In this episode of Euthanasia & Disability, Amy Hasbrouck and Christian Debray discuss:

  • Women face greater danger from assisted suicide
  • Assisted suicide bill defeated in South Australia

Please note that this text is only a script and that our webcast contains additional commentary.


  • Several feminist scholars who have looked at assisted suicide believe it is especially dangerous for women.
  • Scholars believe that the idea of autonomy does not apply well to women because it doesn’t take into account the impact of gender bias in our society.
  • Scholars believe that the reasons women ask for assisted suicide, and the reasons they receive it, have a lot to do with gender bias:
    • Women are devalued in our society – old and disabled women even more so.
    • Women are expected to sacrifice themselves for the sake of their families and those around them.
    • Women have a hard time getting good health care,
      • Women often get poor pain relief.
      • Physical problems are often written off as psychological in origin.
      • Women have higher rates of depression than men, and mental health care is often not covered by insurance
      • Women face a higher rate of poverty and are less likely to have employment-based insurance
      • Because women live longer, they are more likely to be alone in old age.
      • Women are taught to not be assertive nor to advocate on their own behalf.
    • Requests for assisted suicide may be an effort to change an oppressive situation, such as domestic violence.
    • Gender expectations may affect the physician’s decision whether or not to grant the request.
  • Gender issues also affect the public debate.
    • Women are most often featured in media accounts of assisted suicide.
    • The devaluation of women, and the expectations of self-sacrifice, may play a role in the public’s attitudes about assisted suicide.
  • Women attempt suicide three times more often than men, but men are 3.5 times more likely to complete suicide.  Assisted suicide seems designed to equalize those numbers.
    • In some countries, (Belgium) the ratio of men to women who have euthanasia is about even
    • In other countries, (Switzerland) more women than men have assisted suicide or euthanasia.
    • 70% of Jack Kevorkian’s victims were women.
  • Women make up over 70% of people euthanized for psychiatric reasons.


  • A Bill which would have legalized assisted suicide in the state of South Australia was defeated by one vote after an all-night debate.
  • According to Paul Russell, founder and director of HOPE, (a Coalition to prevent euthanasia and assisted suicide), “The Death with Dignity Bill 2016 was the second bill debated this year.

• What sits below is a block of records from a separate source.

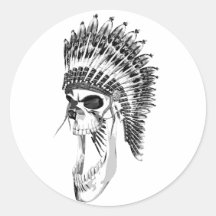 Screaming Indian Chief Sticker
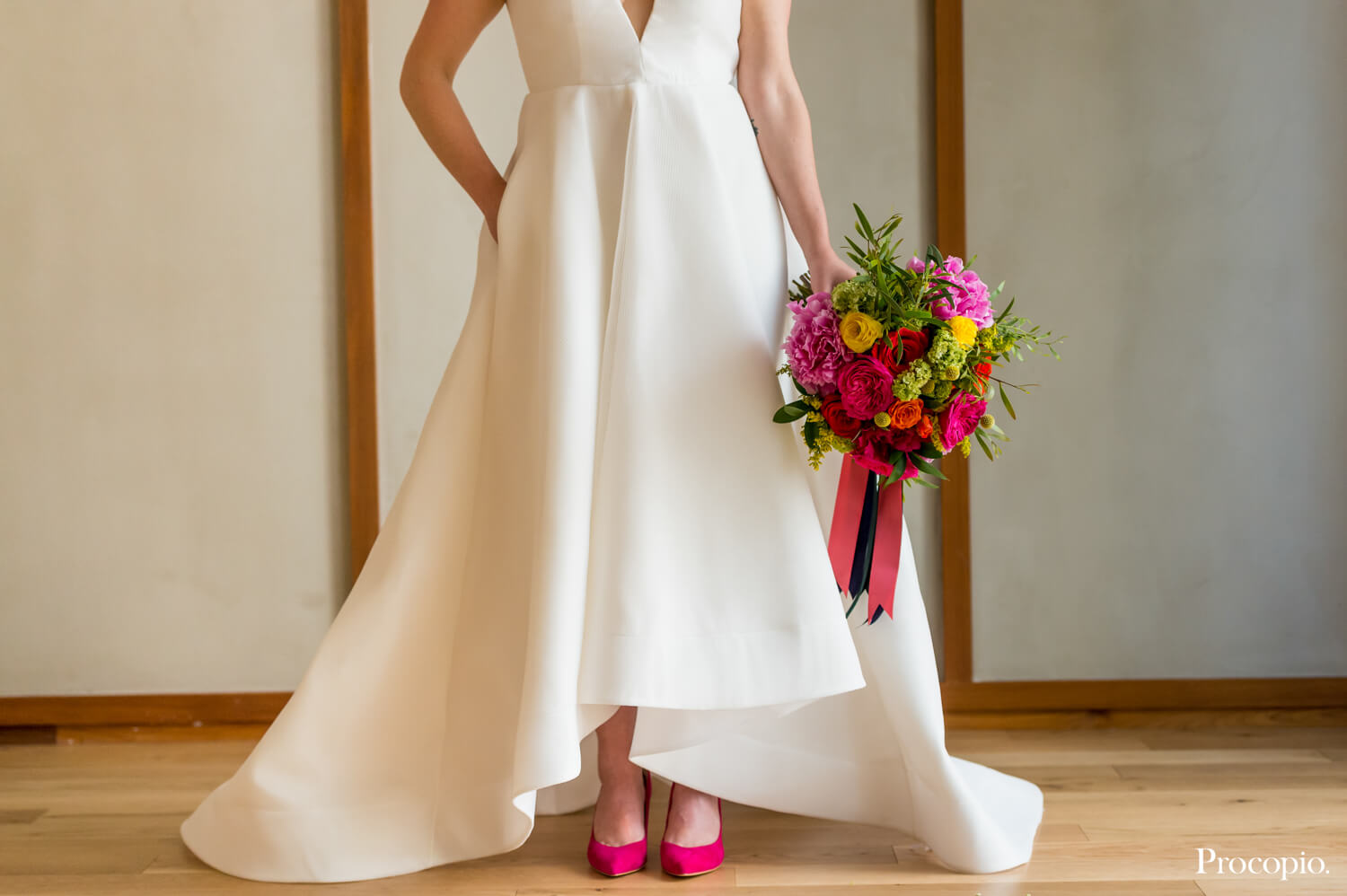 Bride holding bright bouquet, A.Dominick Events - best Washington DC wedding planner - photo by Procopio Photography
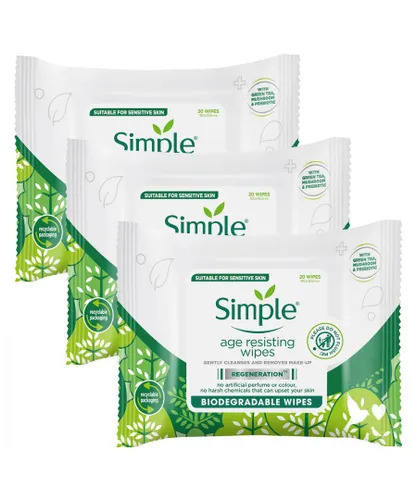 Simple Regeneration Age-Resisting Cleansing Wipes with Green Tea Goodness, 3Pack - One Size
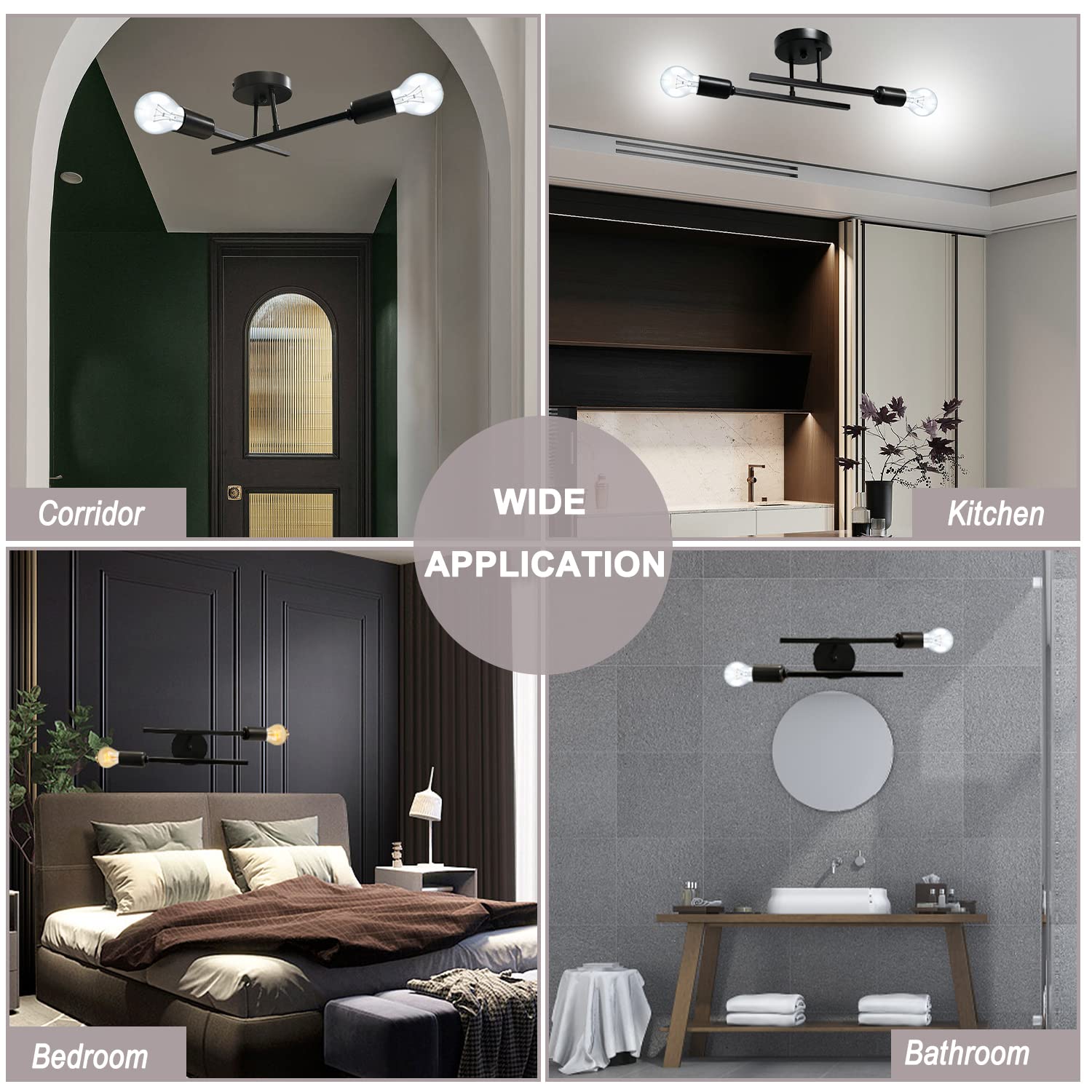 XHWHZZ - Lámpara de techo semiempotrada de 4 luces, lámpara de techo industrial, moderno Sputnik Chandelie de metal negro para sala de estar, sin bombilla 7
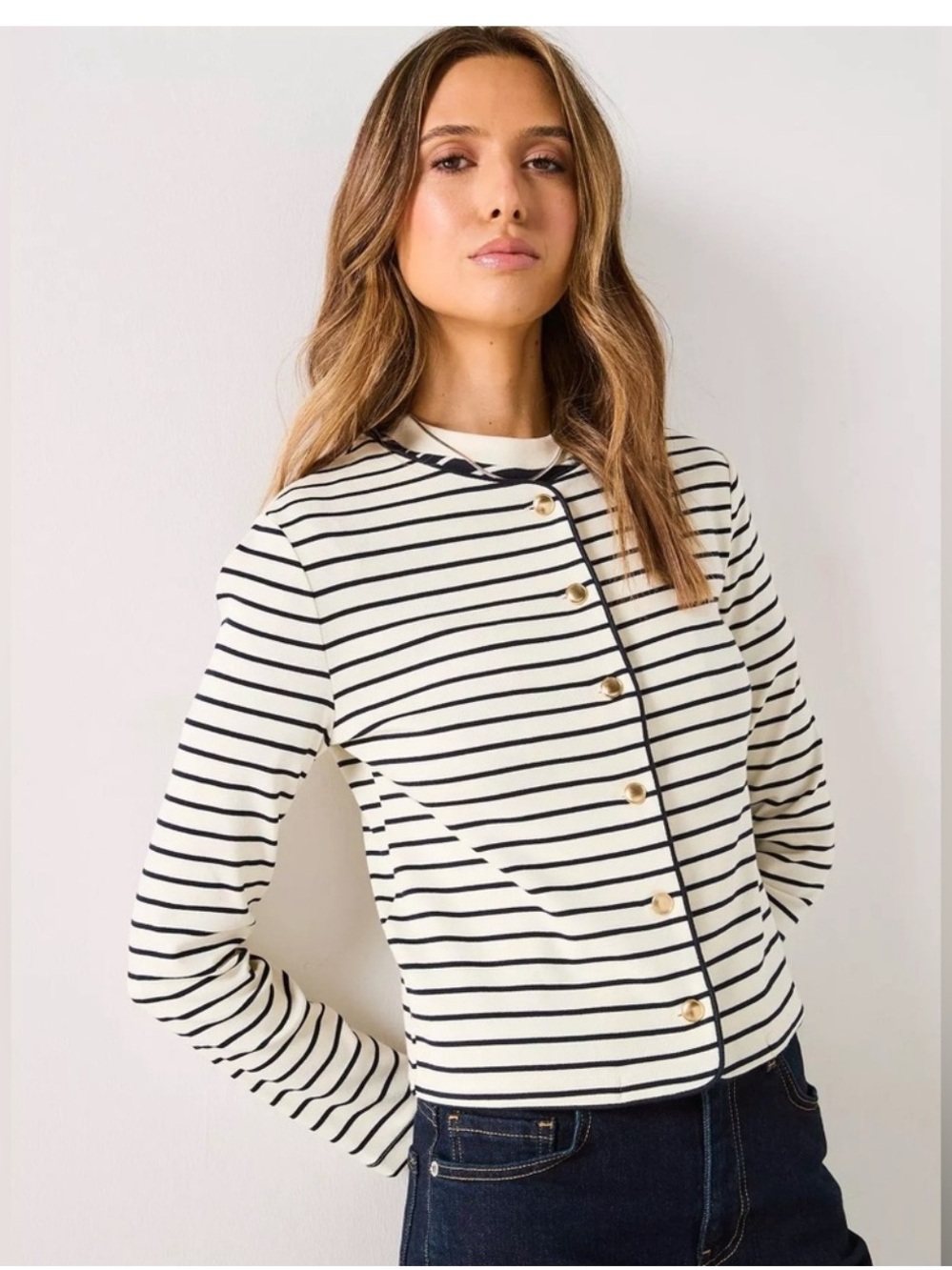 Mango Ecru and Black Striped Long-Sleeve Button Cardigan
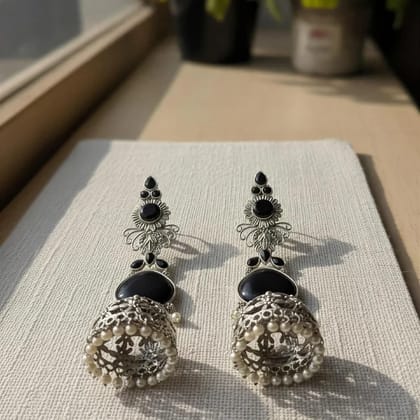 Midnight Noir Oxidised Jhumkas Midnight Noir Oxidised Jhumkas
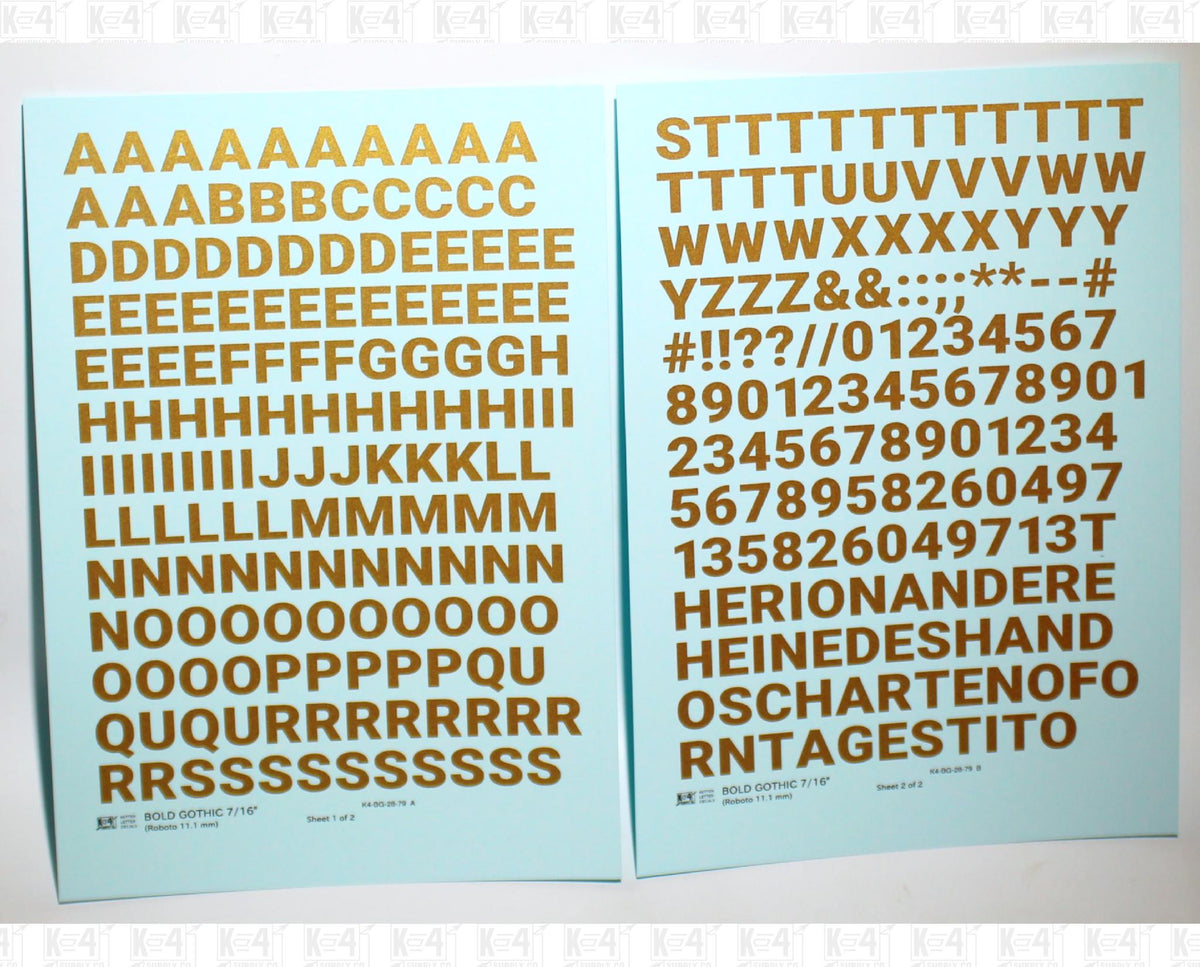 Bold Gothic Letter Number Alphabet
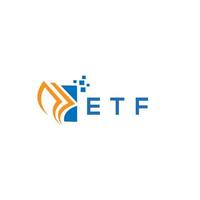 diseño de logotipo de contabilidad de reparación de crédito etf sobre fondo blanco. etf creativo iniciales gráfico de crecimiento letra logo concepto. diseño del logotipo de finanzas empresariales etf. vector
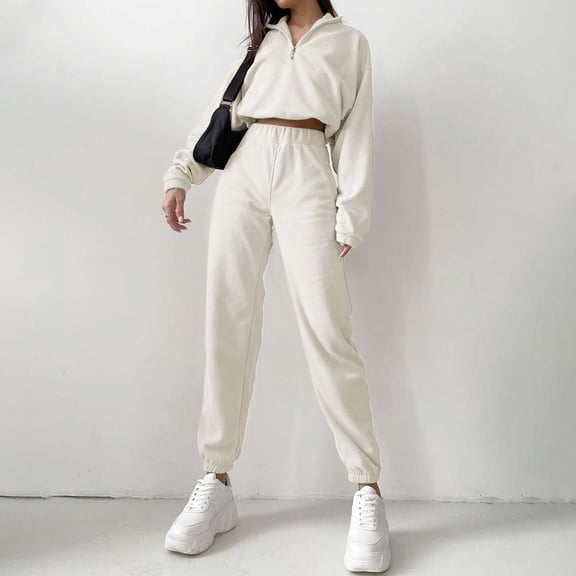 Women's Solid Color Casual Stand Sweatshirt And Pants Set Two Piece Outfit Suit Pants Dressy Jumpsuits for Women Wedding Guest Mono plus Size Rompers And Jumpsuits Women Romper for Women Dressy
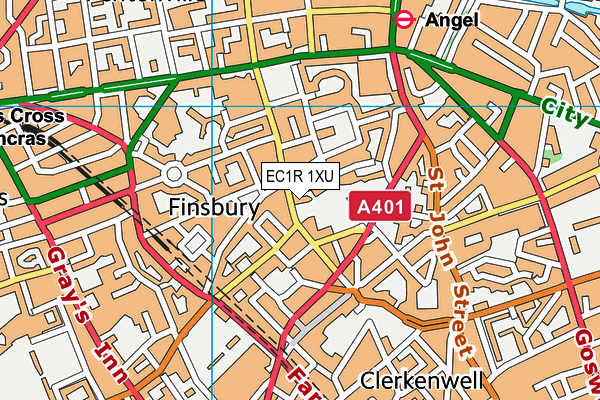 EC1R 1XU map - OS VectorMap District (Ordnance Survey) EC1R 1XU map - OS VectorMap District (Ordnance Survey)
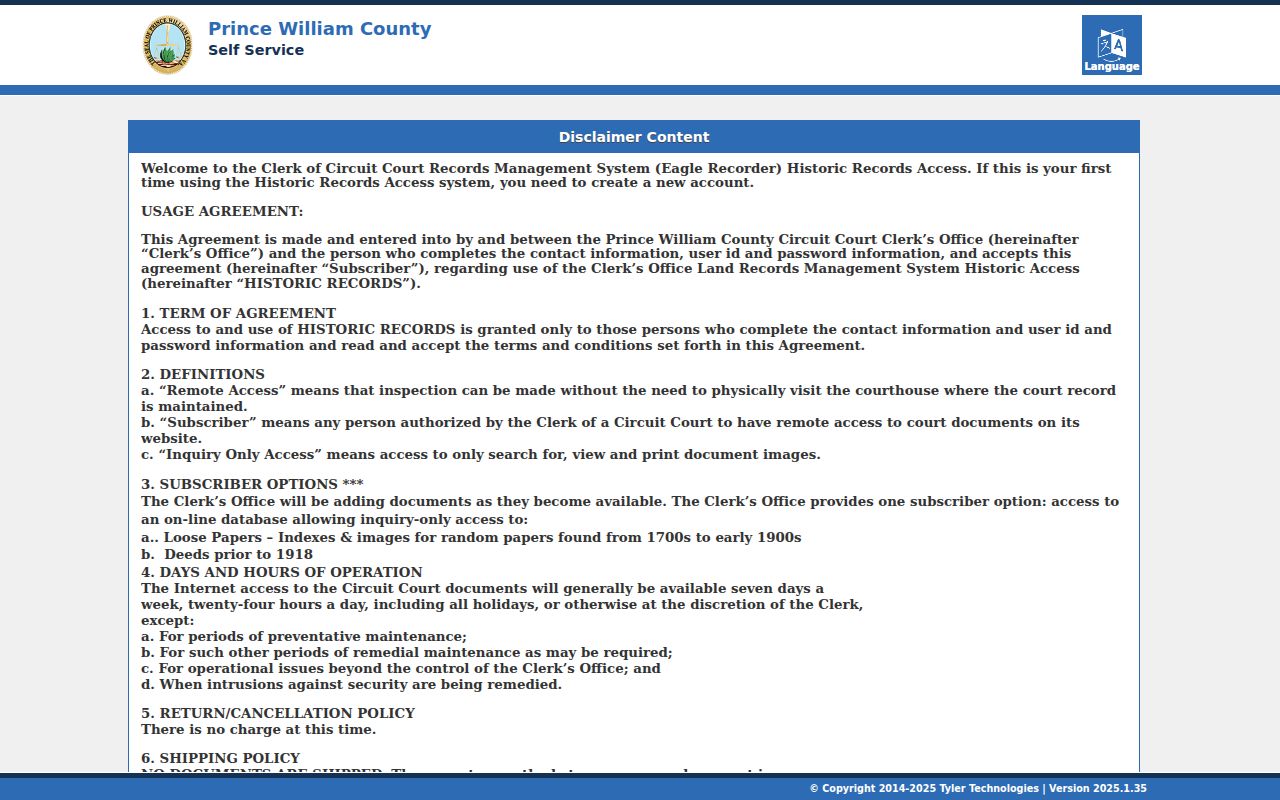 Leesylvania previous residents Eagle Recorder land-record access agreement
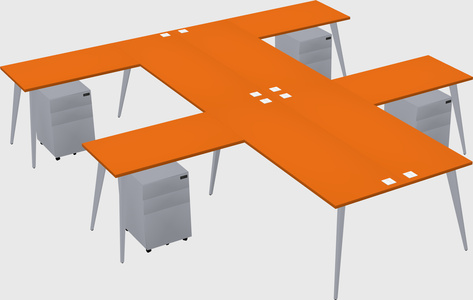 Shared l-shaped office desk system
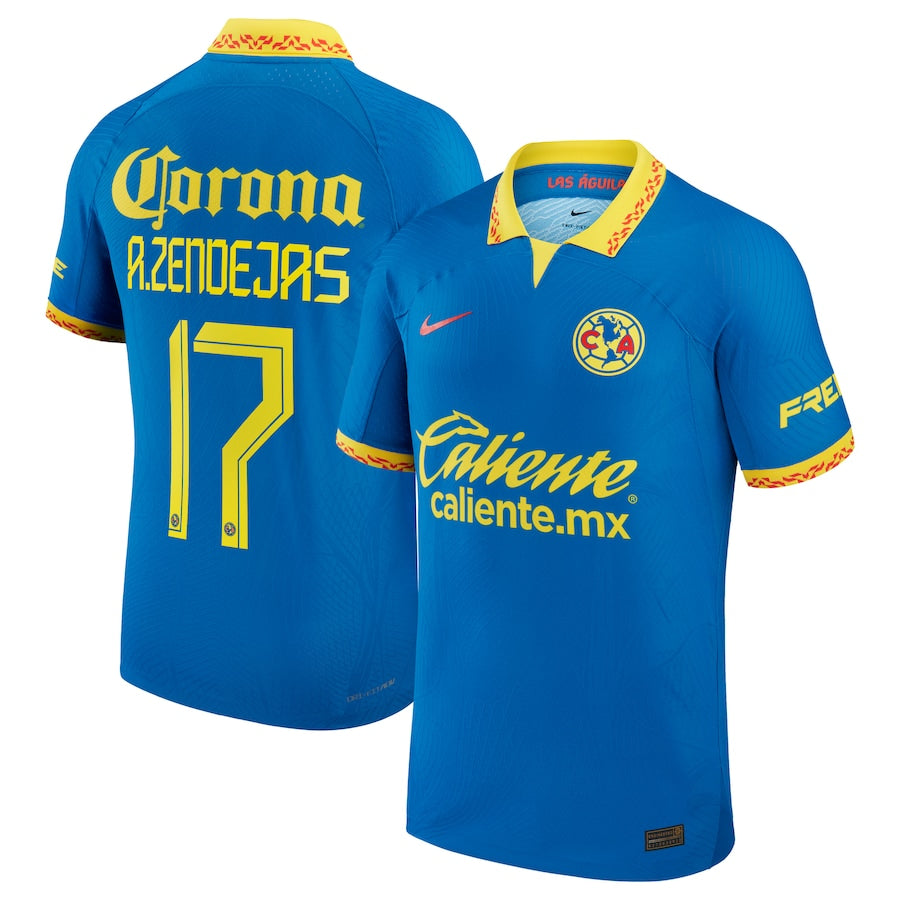 Men's Alejandro Zendejas Club America Away 2023/24 Authentic Jersey - Blue
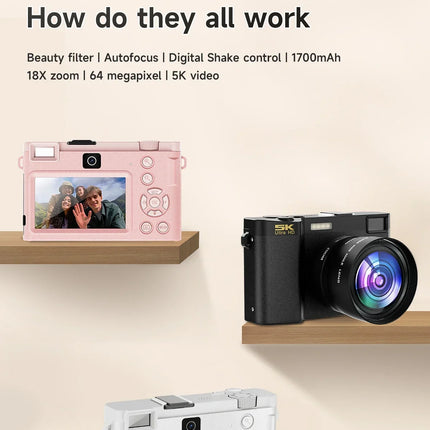 5K Professional Digital Camera Wide Angle Digital Zoom 64MP Camcorder Photography 3 Inch Screen Vlog Video Recorder WIFI Webcam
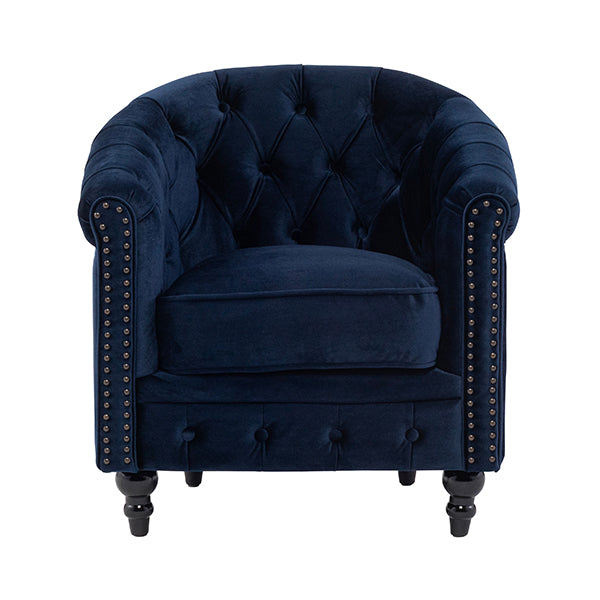 ネイビーブルーベルベットコンパクトチェスターフィールドラウンジシングルソファ　VINCENT(ヴィンセント)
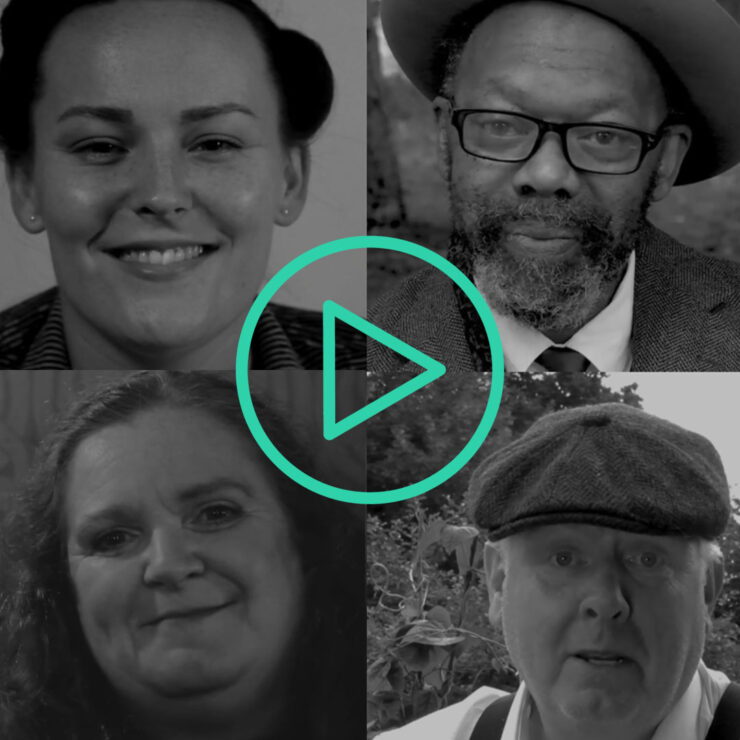 Black and white collage of four close-ups. A young woman with dark hair in a 1940s style, smiling; an older man with a beard and wide-brimmed hat, an older woman with long hair, a man with white hair wearing a flat cap. A bright green "play" video icon is superimposed on top of the images.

It came closely on the heels of an abandoned recent attempt in the same parliament to enact a ‘Belgium style’ bill. That bill was deemed to be a bridge too far for the parliament and the substitute new bill was seen by many to be more moderate; a ‘bad-cop/good-cop’ scenario. That kind of thinking clearly influenced a number of members of parliament.  For the first time in the history of the Lower House of the Parliament, the bill passed the first hurdle (second reading) by a margin of 27 votes to 19 in the early evening.
  • “The debate moved on to the committee stage where clauses are debated and questions can be asked of the mover of the bill. Running late into the night, in fact all night, those opposed to the bill and others exposed many of the shortcomings of the bill in a forensic manner.
  • “The final vote was taken at 4:02 am. The house divided 23 votes to 23. The bill was defeated on the vote of the Speaker.”